- _Aim of the task_
Every entry that follows must be written out exactly, apart from its pictures.

- _Data records_
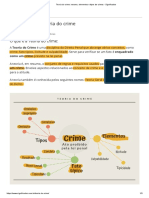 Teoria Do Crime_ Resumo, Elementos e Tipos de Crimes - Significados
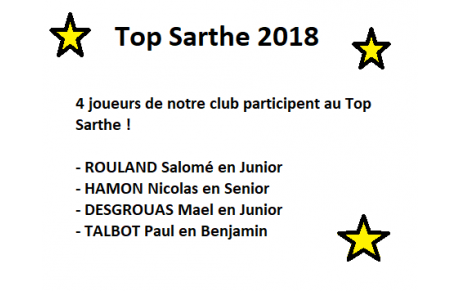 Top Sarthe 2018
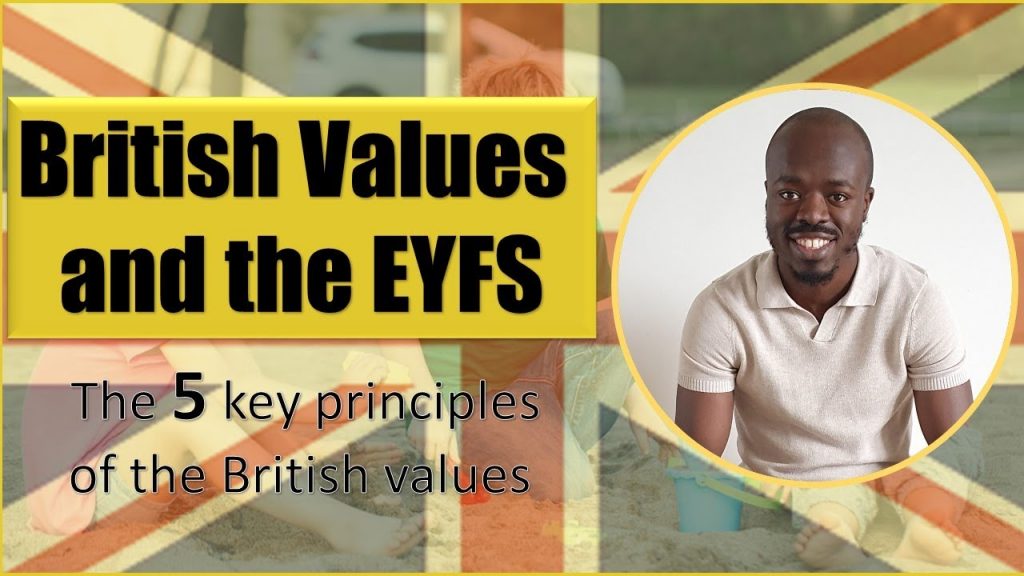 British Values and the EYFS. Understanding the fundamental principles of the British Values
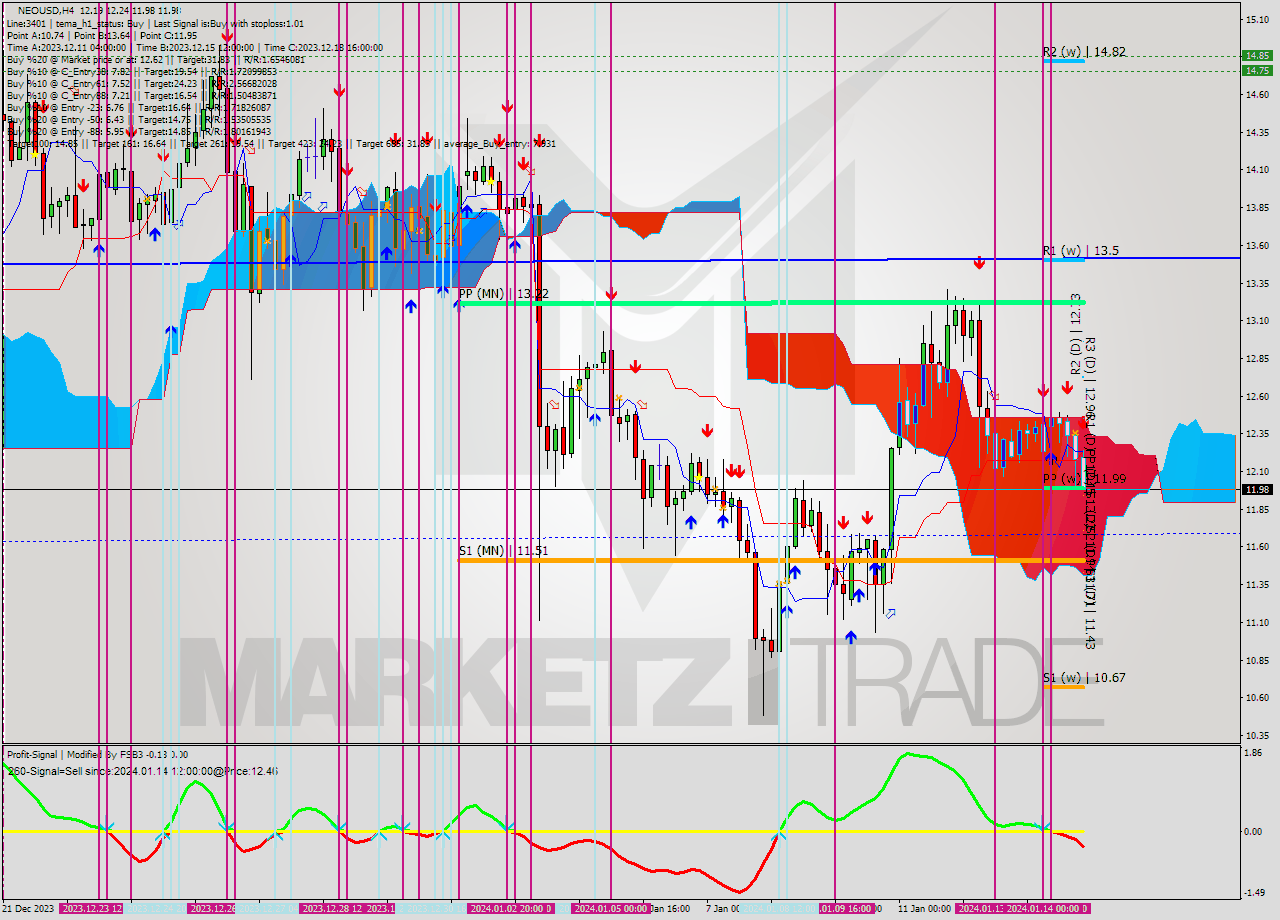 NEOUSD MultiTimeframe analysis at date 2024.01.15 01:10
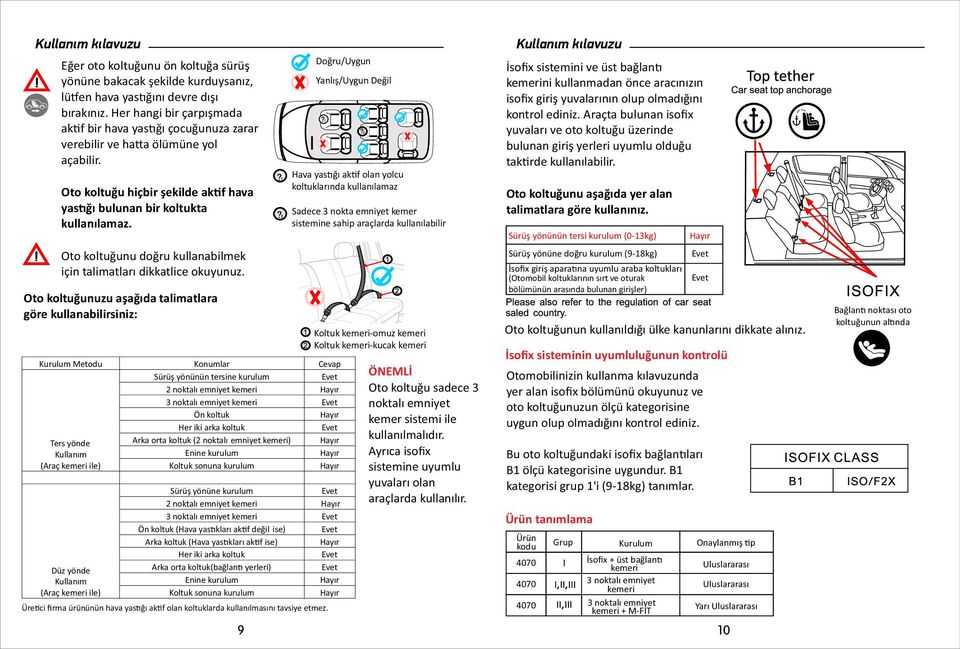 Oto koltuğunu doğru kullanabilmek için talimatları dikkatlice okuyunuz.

- _Solution to this problem_
 Teoria Do Crime_ Resumo, Elementos e Tipos de Crimes - Significados
 Top Sarthe 2018
 British Values and the EYFS. Understanding the fundamental principles of the British Values
 NEOUSD MultiTimeframe analysis at date 2024.01.15 01:10
 Oto koltuğunu doğru kullanabilmek için talimatları dikkatlice okuyunuz.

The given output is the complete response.